Poland, Ireland and the Baltics push for EU sanctions on Gazprombank and Russian-made diamonds

Gazprombank, the entity that has proven instrumental in completing gas payments between Russia and the European Union, should be expelled from the SWIFT system in the next round of EU sanctions, according to a joint proposal by Poland, Ireland and the three Baltic states.

In a document obtained by Euronews, the five member states present a series of measures in response to Vladimir Putin’s plans to bring up to 300,000 reservists into the Russian army and organise referendums in the occupied territories in eastern and southern Ukraine.

The votes, seen by experts as a possible prelude to full annexation, have been harshly condemned by Western countries as a “sham.”

The mobilisation decree and the referendums are fuelling calls for a fresh raft of EU sanctions against Russia.

“I think this calls for sanctions from our part, again,” European Commission President Ursula von der Leyen said this week.

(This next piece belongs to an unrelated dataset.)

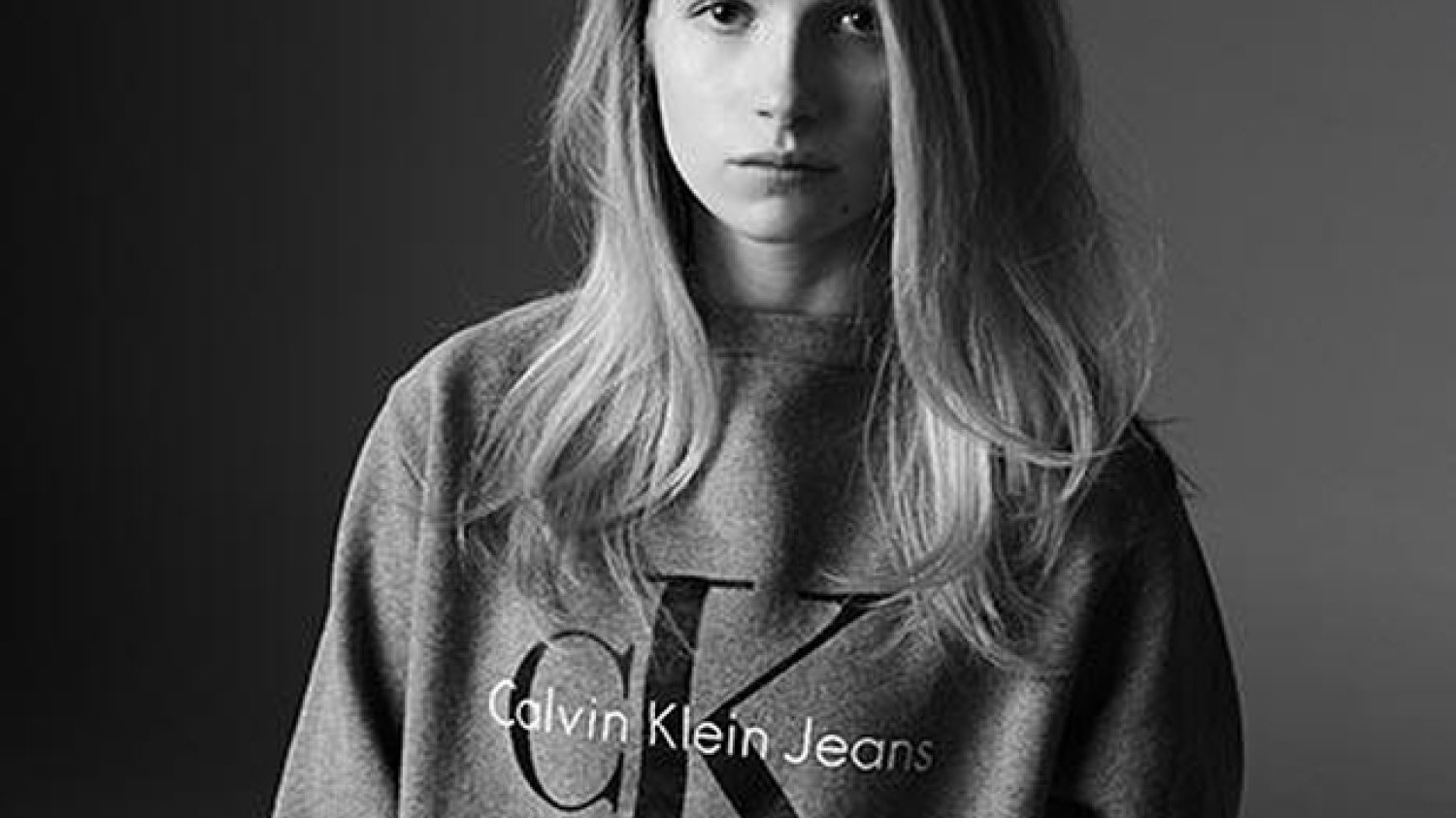 Lottie Moss w najnowszej kampanii CK Jeans.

Since the Kremlin launched the invasion of Ukraine, the bloc has imposed six rounds of penalties, together with complementary measures to fine tune their efficiency and expand their scope.

The Commission said the next package will focus on civilian technology, without providing further details.

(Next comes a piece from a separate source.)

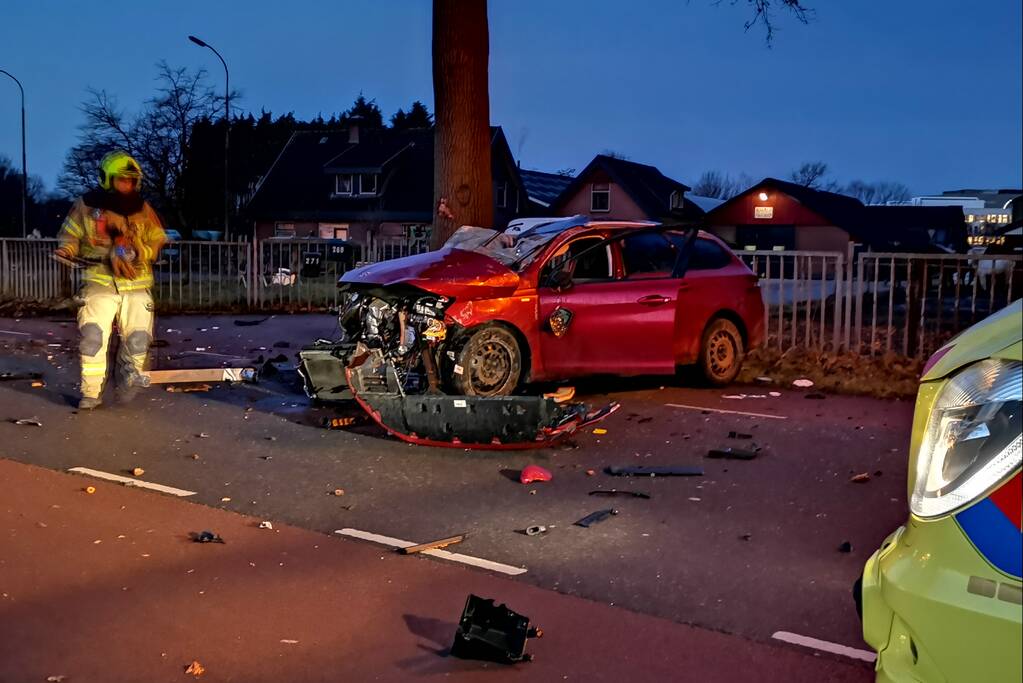 Automobilist gewond na aanrijding tegen boom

In their joint paper, Poland, Ireland, Estonia, Latvia and Lithuania suggest the path the bloc should choose to pile pressure on Russia.

The five countries want Gazprombank to be finally expelled from SWIFT, a high-security system that allows financial transactions. The Moscow-based bank acts as intermediary between EU clients and Gazprom, Russia’s gas monopoly, and enables the conversion of euros into roubles.

Since several countries in Eastern and Central Europe remain highly dependent on pipeline gas coming from Russia, Gazprombank has been so far spared from the SWIFT blacklist, a notable omission that Ukrainian officials have repeatedly criticised. 

The document also puts forward a prohibition for EU companies to provide any sort of insurance service for the Russian government, agencies and corporations. The measure envisions an exemption if the risk insured is located in EU territory or if it relates to diplomatic missions.

On technology, the five countries offer a long list of products and services whose commerce should be either banned or heavily restricted, such as the export of EU-made smartphones, cameras, projectors, lasers, radio apparatus, lenses and prisms, as well as computer software, hardware maintenance, web-hosting services and cybersecurity systems.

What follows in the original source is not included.